Exercise instructions →
Each entry below should be printed exactly, with every image left out.

_ _ _ _

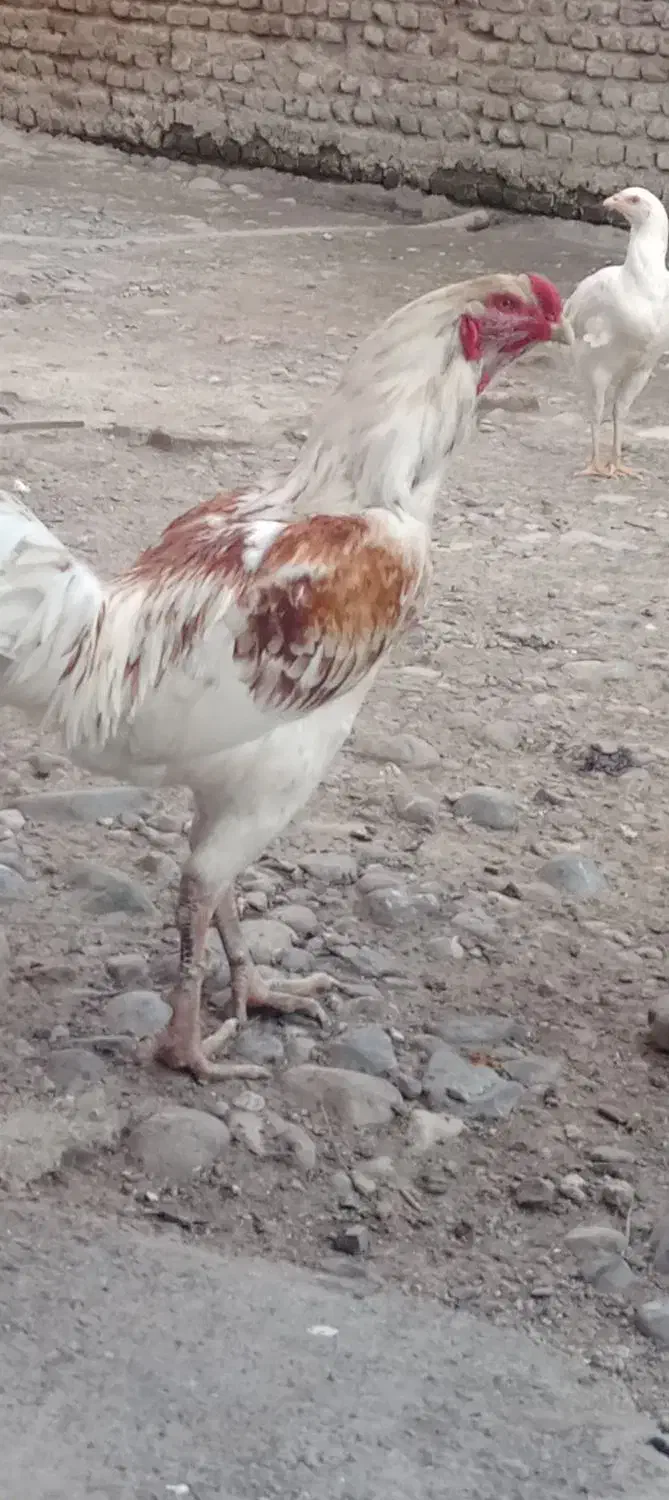 فروشی|حیوانات مزرعه|مزرعه کتول, |دیوار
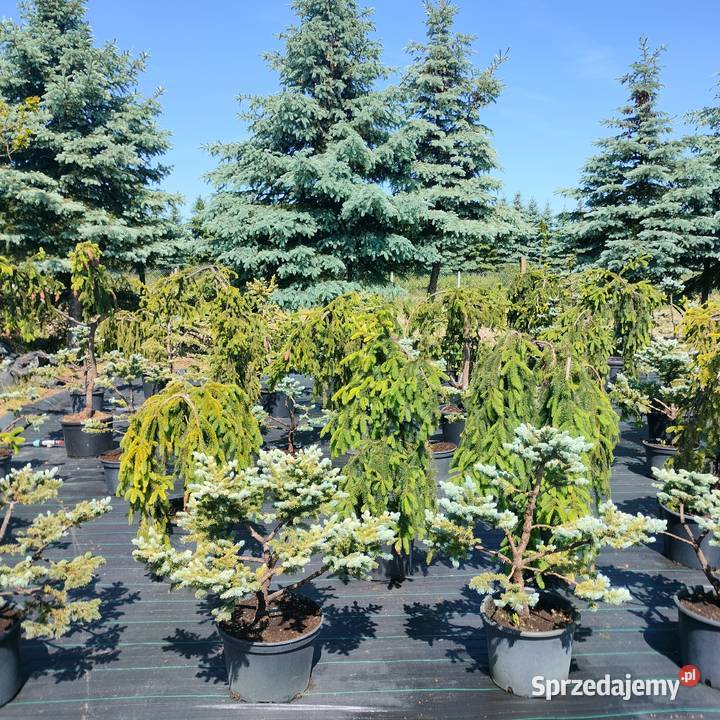 Bonsai jałowiec sosna świerk jodła Bonsai Jelitów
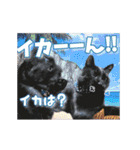 動く黒猫ハルトとロビンII（個別スタンプ：16）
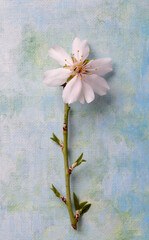 Almond flower on painted blue background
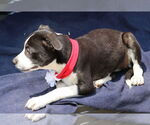 Small #1 Boston Terrier Mix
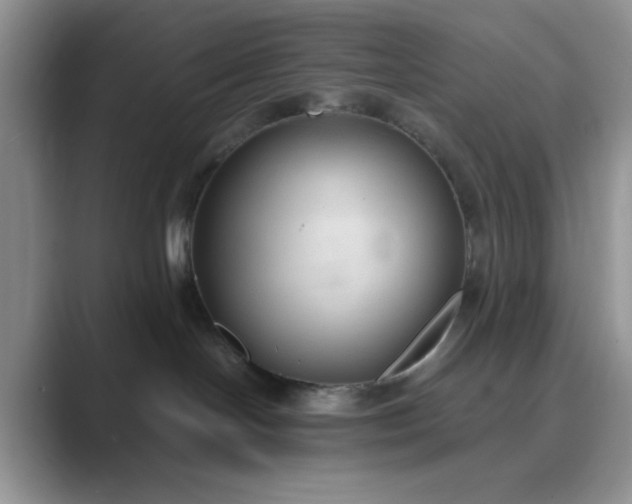 X0000089670094200707051556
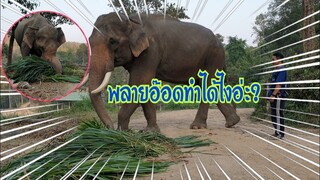 รีวิวพลายปู๋อ๊อดสุดหล่อ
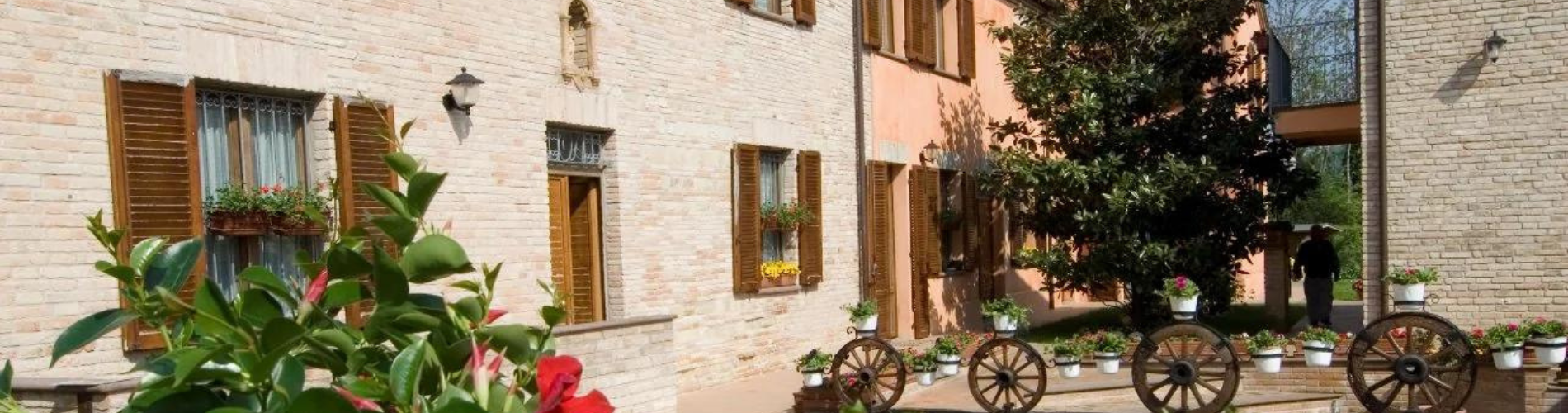 Rete del Dono Associazione Oasi dell'Accoglienza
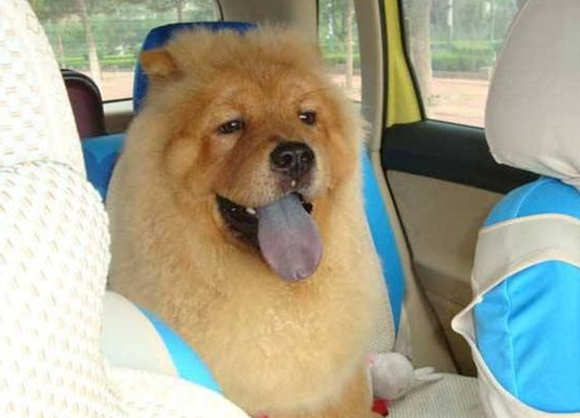 松狮犬什么颜色好 松狮犬什么颜色好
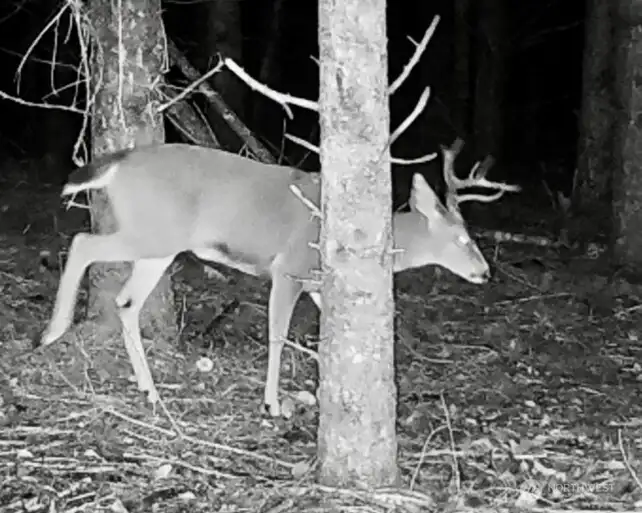 walking through at night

_ _ _ _

Problem solution →
 فروشی|حیوانات مزرعه|مزرعه کتول, |دیوار
 Bonsai jałowiec sosna świerk jodła Bonsai Jelitów
 動く黒猫ハルトとロビンII（個別スタンプ：16）
 Almond flower on painted blue background
 Small #1 Boston Terrier Mix
 X0000089670094200707051556
 รีวิวพลายปู๋อ๊อดสุดหล่อ
 Rete del Dono Associazione Oasi dell'Accoglienza
 松狮犬什么颜色好 松狮犬什么颜色好
 walking through at night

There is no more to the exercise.